[Records excerpted from a collection]
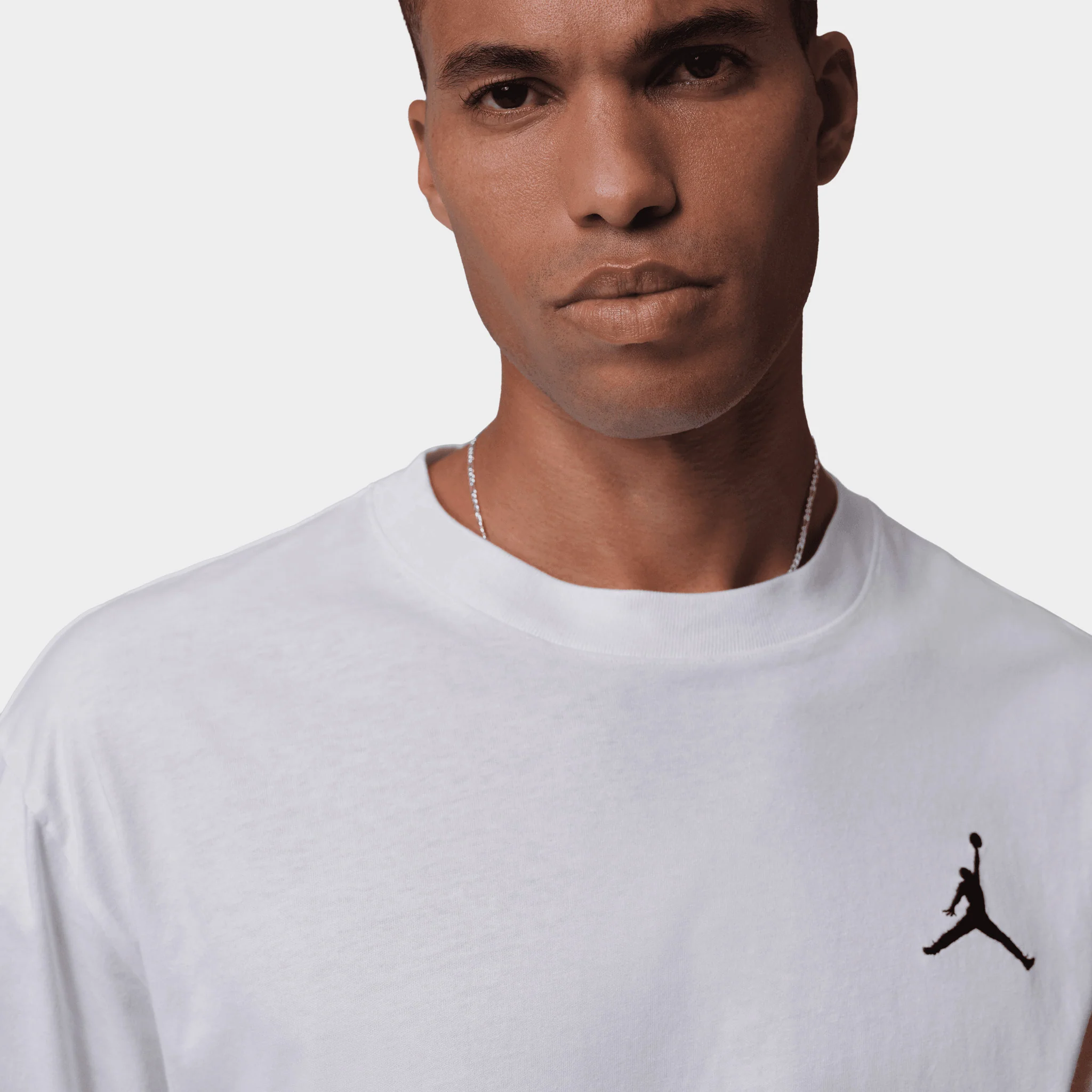 Jordan Embroidered Jumpman Tee / White - Image 3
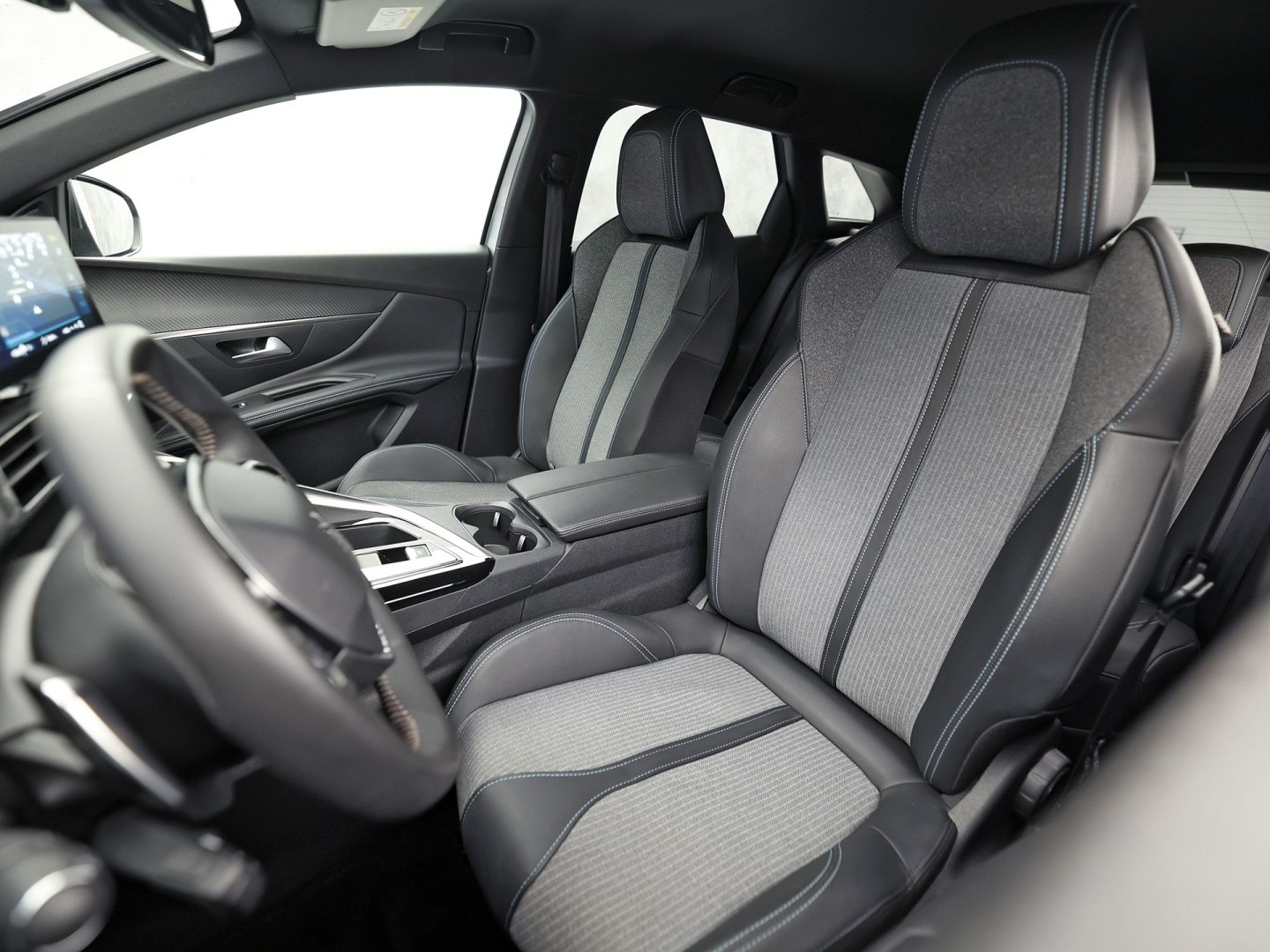 Peugeot 3008 1.6 HYbrid 225 Allure Sport 225Pk Automaat (APPLE CARPLAY, GROOT NAVI, 360 CAMERA, SPORTSTOELEN, LEDER, KEYLESS, GETINT GLAS, LANE ASSIST, NIEUWSTAAT)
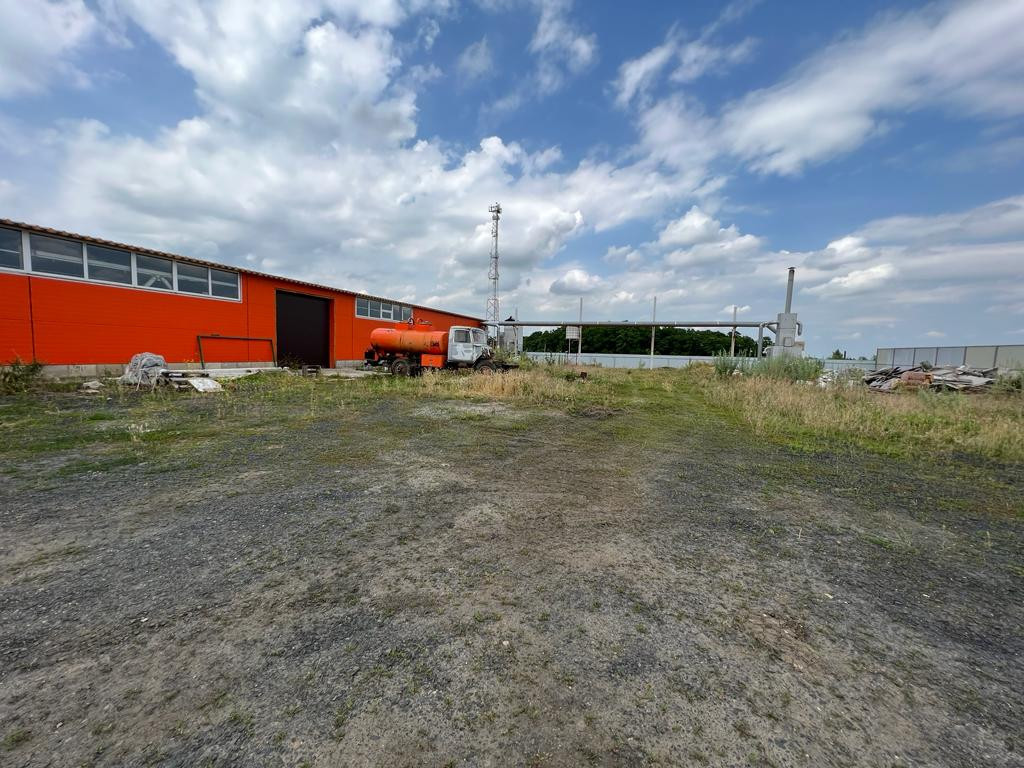 Сдам в аренду магазин 900 м.кв.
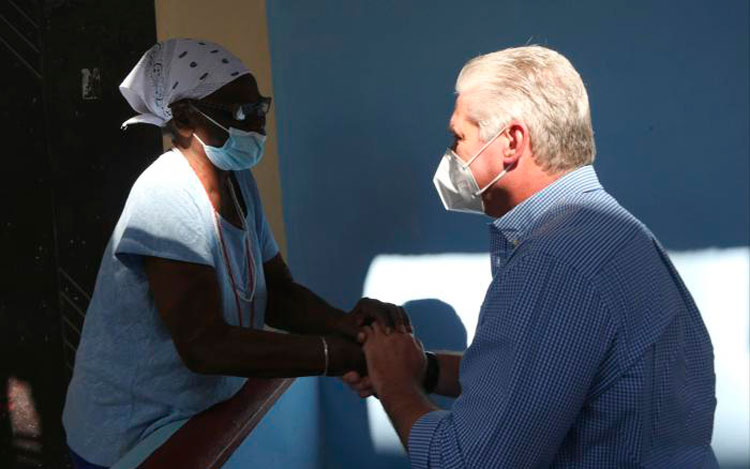 Díaz-Canel en Regla Foto: Estudios Revolución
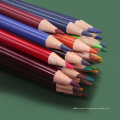 Ensemble de crayons de couleur d&#39;huile à dessin en bois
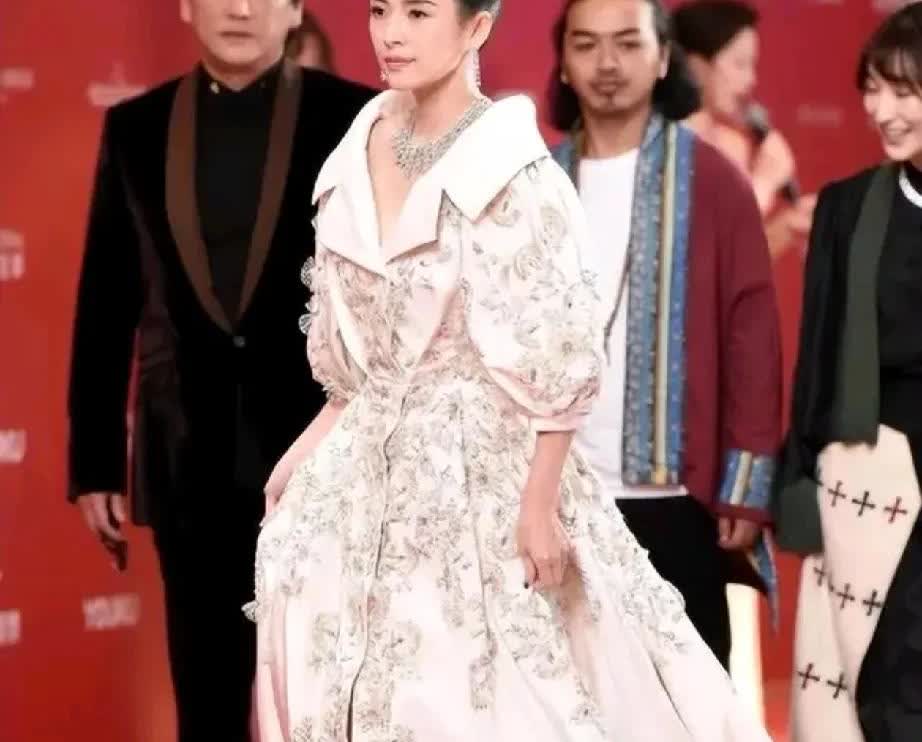 汪峰，这下真得悔青肠子了！谁能想到，章子怡离开汪峰后，直接开启了“大女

_PROBLEM STATEMENT:_
Please print exactly the lines from the one holding "Сдам в аренду магазин 900 м.кв." through the final line of the data above, including both, and skip all pictures.

_SOLUTION FOR THIS EXERCISE:_
 Сдам в аренду магазин 900 м.кв.
 Díaz-Canel en Regla Foto: Estudios Revolución
 Ensemble de crayons de couleur d&#39;huile à dessin en bois
 汪峰，这下真得悔青肠子了！谁能想到，章子怡离开汪峰后，直接开启了“大女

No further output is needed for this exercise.